In 2023, the Suez Canal recorded the transit of 1,158 ships for 127 million tons of tonnage, generating revenues of 733 million dollars.

In the month of November, the recovery of traffic continued with 1,156 ships for a net tonnage of 48.5 million tonnes and a turnover of 383.4 million dollars (last year the same month had seen the passage of a thousand ships for 300 million in turnover).
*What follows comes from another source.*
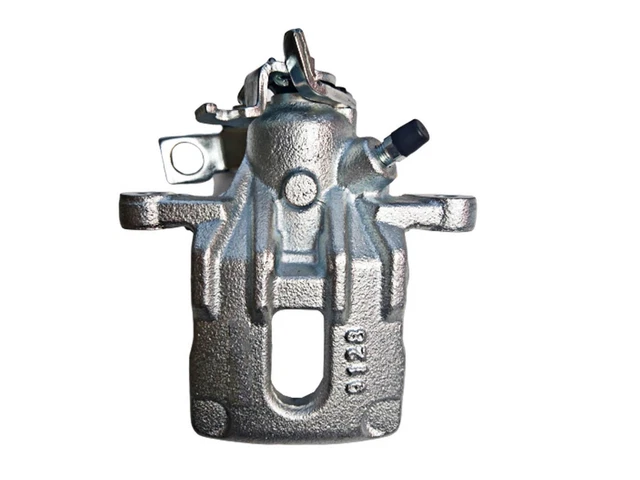 VOLKSWAGEN GOLF MK8 Front Right Brake Caliper 5WA615124 1.5 Hybrid VOLKSWAGEN GOLF MK8 Front Right Brake Caliper 5WA615124 1.5 Hybrid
During the CONTAINER ITALY Business Meeting held in recent days in Milan, Ignazio Messina, CEO of the eponymous shipping company, said that “there has been a setback regarding the possibility of returning to sail in the Red Sea with a certain tranquility, because since the truce between Gaza and Israel was signed, the bombings have continued and the only calming factor has been the message from the Huthi who announced they had stopped their attacks, even if they did not say for how long. As long as there is no stable peace, it is unlikely that all companies will return to sailing via Suez in the short term; but if everyone were to pass back through the Red Sea, maritime freight rates would collapse; we would see a 30-40% excess of hold capacity and we would see ships stopped and laid up again. This would be quite devastating.”
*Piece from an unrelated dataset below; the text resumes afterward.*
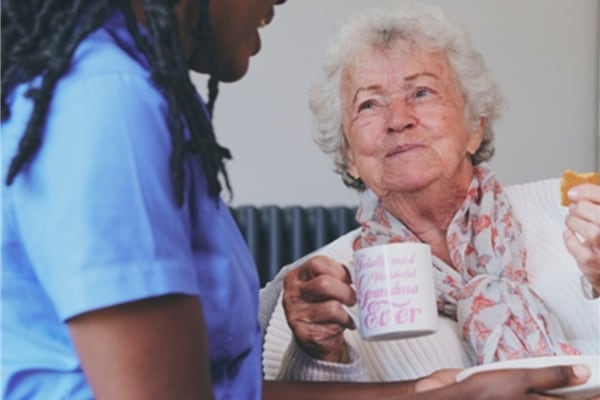 Blossom Home Care Tunbridge Wells TN9 1EP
This scenario would fit into a market context that financially already shows clear signs of deterioration. According to Sea-Intelligence, the combined EBIT of the seven largest listed container shipping lines (Maersk, Cosco, Hapag-Lloyd, ONE, HMM, Zim and Yang Ming) in the third quarter of 2025 plummeted to 5.12 billion dollars compared to 17.06 billion in the same period of 2024. A level of profitability that, although significantly lower than last year’s peaks, nevertheless remains higher than the pre-Covid period and seems to have settled at a level of economic sustainability precisely thanks to the lengthened routes around Africa on the Asia-Europe trade. The highest EBIT per transported TEU ratio is that of Cosco (350 dollars), followed by Zim (280 /TEU) while for all the other global carriers analyzed the /TEU ratio is below 200 dollars (for ONE 85 /TEU, for Maersk (83 /TEU) and Hapag Lloyd (65 /TEU). In the third quarter of 2024, the lowest /TEU ratio was 335 dollars.
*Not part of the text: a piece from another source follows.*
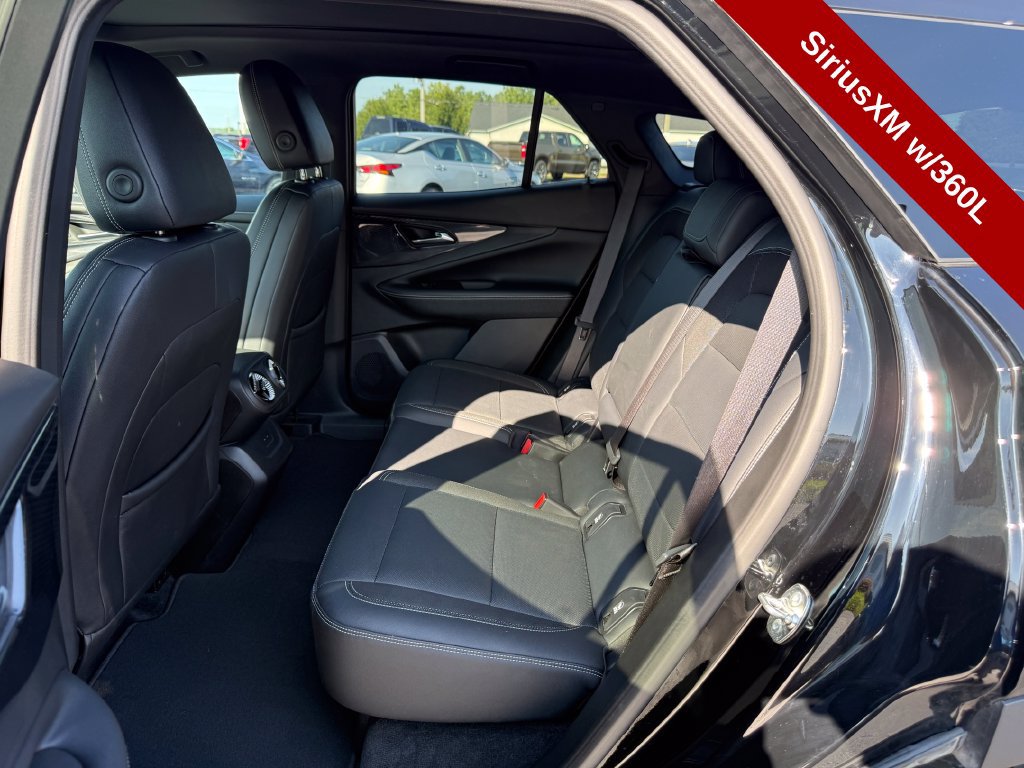 Used 2024 Chevrolet Blazer EV LT AWD/4WD image 33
Trying to see the glass half full, during the CONTAINER ITALY Business Meeting, the marketing and sales director of Trieste Marine Terminal, Marco Zollia, attempted to do so: “When it will be possible to cross Suez safely, I believe that the Asia-Mediterranean lines, and in particular those between Asia and the Adriatic, will return to sailing in the Red Sea because the cost difference (primarily of fuel) is significant. I have more doubts,” he added, “about whether the services connecting Asia to the ports of Northern Europe will return to sailing via Suez because the companies have ‘discovered’ the West Africa market. By circumnavigating the Cape of Good Hope, they now make regular and important calls at West African ports, and bringing those services back to sail via Suez would mean redesigning the lines to continue serving West Africa but through transshipment, via feeder ships.”

It could therefore happen that some companies return via Suez to serve the Mediterranean (and the Adriatic in particular) and other lines continue with the circumnavigation of Africa to reach the ports of Northern Europe “with a clear advantage for Italian ports, which would benefit from a transit time to and from Asia that is lower than to Northern Europe,” concluded Zollia.